Agora é difícil imaginar, mas inicialmente as esperanças eram bastante elevadas para a Eritreia quando, em 1993, ganhou a independência da Etiópia após 30 anos de guerra civil. Desde então que o presidente Isaias Afwerki não deu qualquer espaço para a existência de oposição.

O relatório da ONU descreveu a Eritreia como “um estado policial onde a população vive em constante sobressalto com receio de estar a ser monitorizada”.

Uma das testemunhas ouvidas pela ONU diz, basicamente, tudo em muito poucas palavras: “Quando estou na Eritreia sinto que não posso nem sequer pensar, porque tenho medo que as pessoas que me rodeiam possam ler os meus pensamentos “.

A investigação da ONU descobriu que o sistema efectua prisões e detenções arbitrárias (com tortura e desaparecimentos forçados durante largos períodos de tempo, ou até para sempre).

E mesmo aqueles que não cometem nenhum crime podem acabar na prisão, por tempo indefinido, e encarregues de realizar trabalho forçado. “Então, mas se tudo isso acontece porque é que as pessoas não se limitam a fugir?”. Pois, dito assim pode parecer fácil, mas acredite que não é. Escapar não é uma opção realista para a esmagadora maioria: aqueles que tentam fugir do país são considerados “traidores” e existe uma política de “atirar a matar” na fronteira. Ou seja, ou são bem-sucedidos e arriscam-se a nunca mais poder voltar ao seu país, ou falham e são considerados traidores ou então são mortos ao tentarem passar a fronteira.

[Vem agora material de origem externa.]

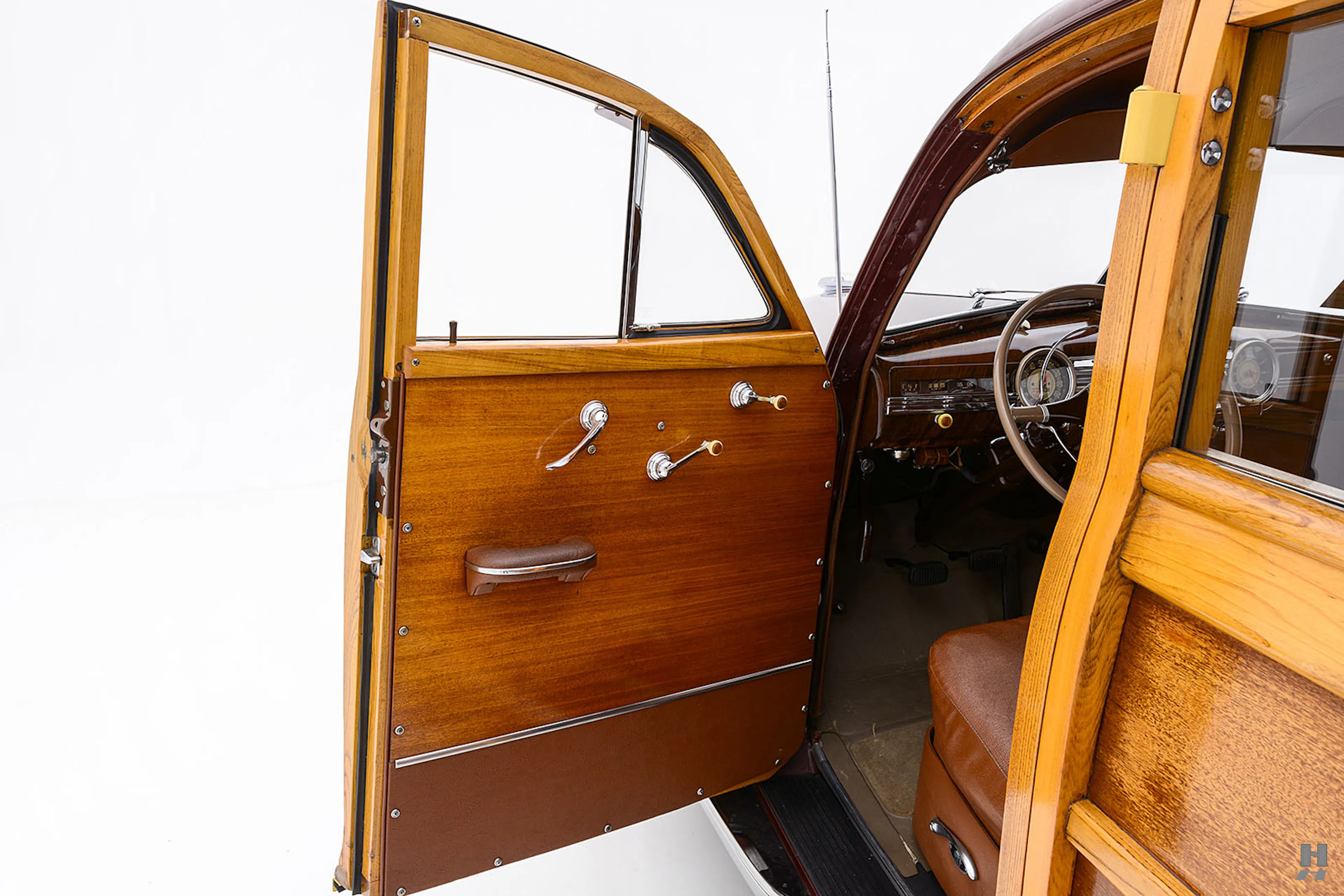 1948 Chevrolet Fleetmaster 4dr Station Wagon Courtesy of Hyman Ltd.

“Mas se tudo isto é verdade como conseguiu a ONU realizar este relatório? Sim, porque certamente que a Eritreia não lhes deve ter facilitado a vida…”. Pois, obviamente que não. Para produzir este relatório esteve envolvida uma grande dose de risco, coragem e loucura. O governo da Eritreia recusou-se a dar acesso às Nações Unidas para proceder á sua investigação, o que levou a que a equipa de investigadores tenha entrevistado 550 testemunhas (provenientes de outros países africanos). Foram ainda aceites 160 observações, por escrito, de pessoas que viviam na altura (ou viveram no passado recente) na Eritreia e que aceitaram dar o seu testemunho. Contudo a tarefa revelou-se muito complexa uma vez que a maioria das pessoas recusou-se a colaborar, mesmo que fosse de forma anónima, alegando ter medo das eventuais represálias de que poderia sofrer no futuro.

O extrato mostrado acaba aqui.